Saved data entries
_____

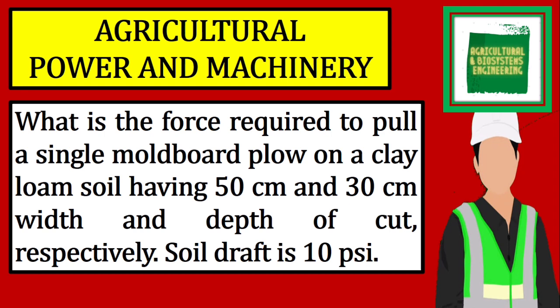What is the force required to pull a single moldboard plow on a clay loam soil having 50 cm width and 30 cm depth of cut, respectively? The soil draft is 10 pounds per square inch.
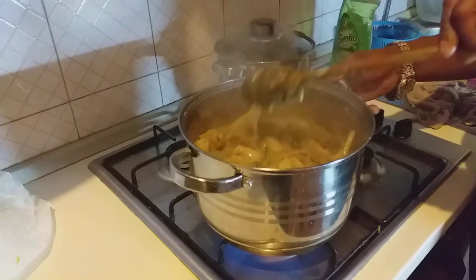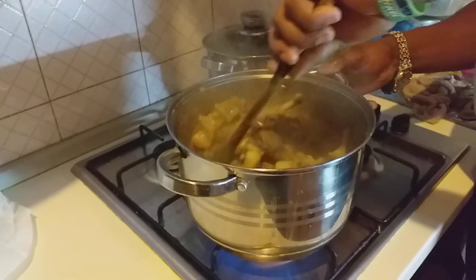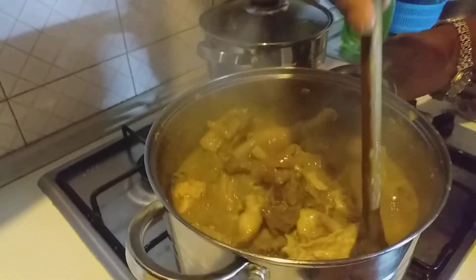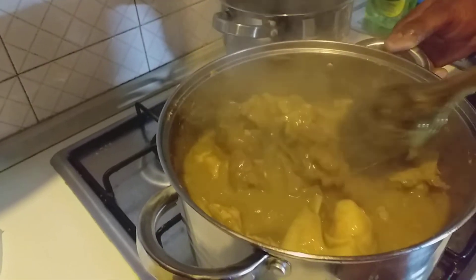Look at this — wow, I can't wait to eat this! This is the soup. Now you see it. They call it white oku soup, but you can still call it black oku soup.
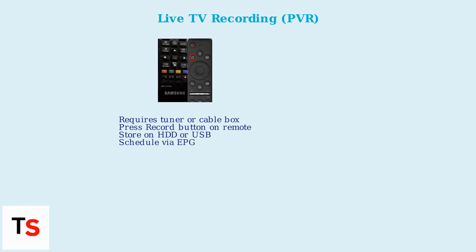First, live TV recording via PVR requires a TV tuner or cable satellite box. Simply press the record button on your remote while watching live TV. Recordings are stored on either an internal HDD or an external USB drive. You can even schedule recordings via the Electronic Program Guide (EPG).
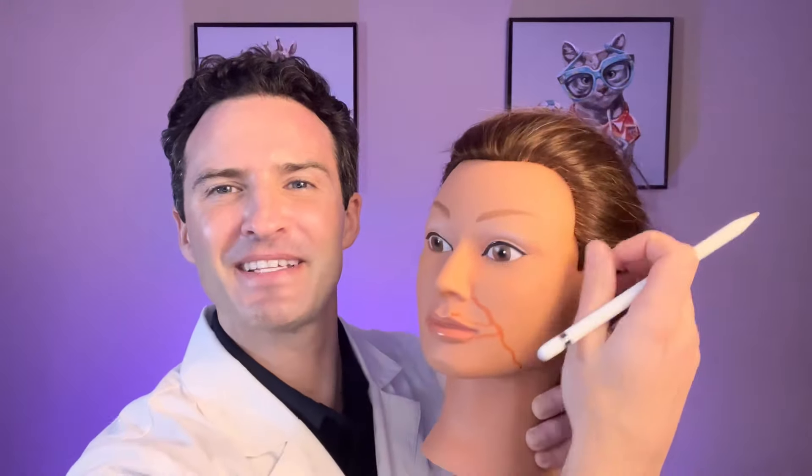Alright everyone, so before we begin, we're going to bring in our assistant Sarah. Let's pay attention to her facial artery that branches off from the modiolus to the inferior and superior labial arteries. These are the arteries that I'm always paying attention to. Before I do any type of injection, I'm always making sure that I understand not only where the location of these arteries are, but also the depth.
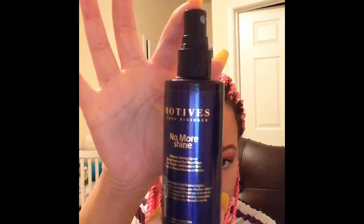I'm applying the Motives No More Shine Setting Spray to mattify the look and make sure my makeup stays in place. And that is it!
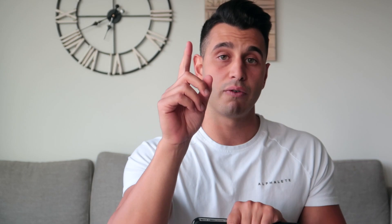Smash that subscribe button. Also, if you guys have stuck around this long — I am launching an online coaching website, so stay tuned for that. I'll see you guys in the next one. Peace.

_____

**Instructions to follow:**
A verbatim transcript of the entries above is required, with the pictures left out.

**Reply to the task:**
What is the force required to pull a single moldboard plow on a clay loam soil having 50 cm width and 30 cm depth of cut, respectively? The soil draft is 10 pounds per square inch.
Look at this — wow, I can't wait to eat this! This is the soup. Now you see it. They call it white oku soup, but you can still call it black oku soup.
First, live TV recording via PVR requires a TV tuner or cable satellite box. Simply press the record button on your remote while watching live TV. Recordings are stored on either an internal HDD or an external USB drive. You can even schedule recordings via the Electronic Program Guide (EPG).
Alright everyone, so before we begin, we're going to bring in our assistant Sarah. Let's pay attention to her facial artery that branches off from the modiolus to the inferior and superior labial arteries. These are the arteries that I'm always paying attention to. Before I do any type of injection, I'm always making sure that I understand not only where the location of these arteries are, but also the depth.
I'm applying the Motives No More Shine Setting Spray to mattify the look and make sure my makeup stays in place. And that is it!
Smash that subscribe button. Also, if you guys have stuck around this long — I am launching an online coaching website, so stay tuned for that. I'll see you guys in the next one. Peace.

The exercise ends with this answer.